◆ EXERCISE INPUT
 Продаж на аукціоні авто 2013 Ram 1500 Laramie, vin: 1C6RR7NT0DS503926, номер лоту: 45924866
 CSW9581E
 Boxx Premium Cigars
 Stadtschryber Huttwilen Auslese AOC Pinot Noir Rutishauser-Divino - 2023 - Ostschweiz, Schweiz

* * *

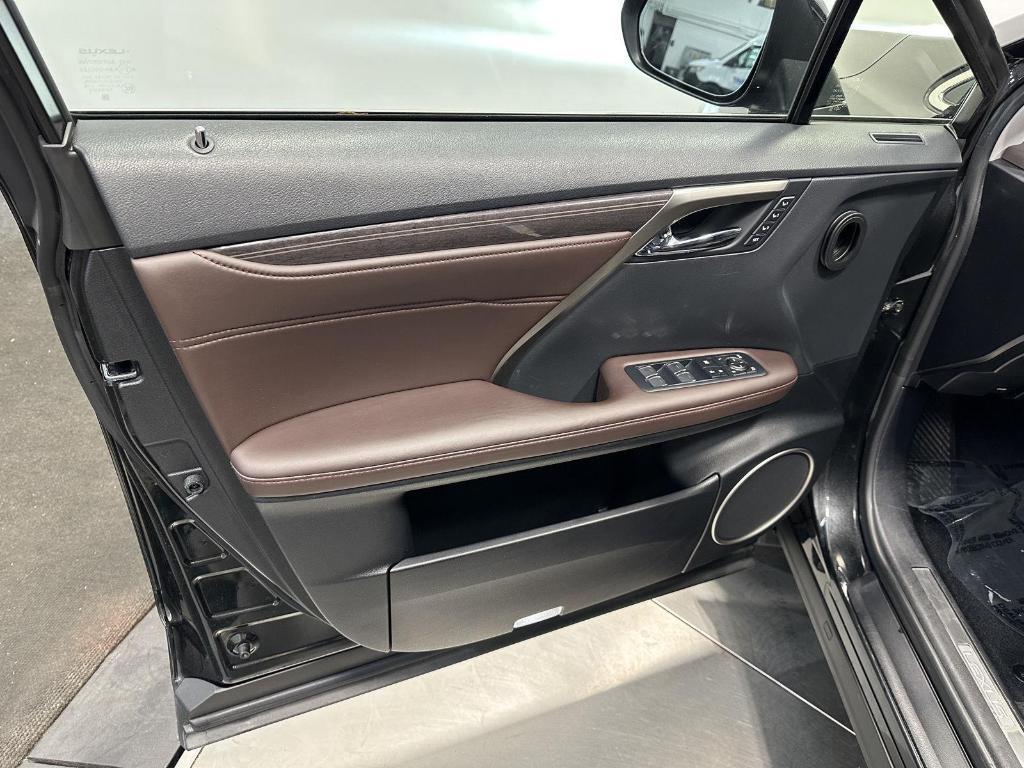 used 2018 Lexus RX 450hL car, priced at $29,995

◆ WHAT TO WORK ON
Using the entries above, extract exactly the span from the line with "Продаж на аукціоні" to the line with "Stadtschryber Huttwilen Auslese", both lines included; leave out everything else.

◆ OUTPUT
 Продаж на аукціоні авто 2013 Ram 1500 Laramie, vin: 1C6RR7NT0DS503926, номер лоту: 45924866
 CSW9581E
 Boxx Premium Cigars
 Stadtschryber Huttwilen Auslese AOC Pinot Noir Rutishauser-Divino - 2023 - Ostschweiz, Schweiz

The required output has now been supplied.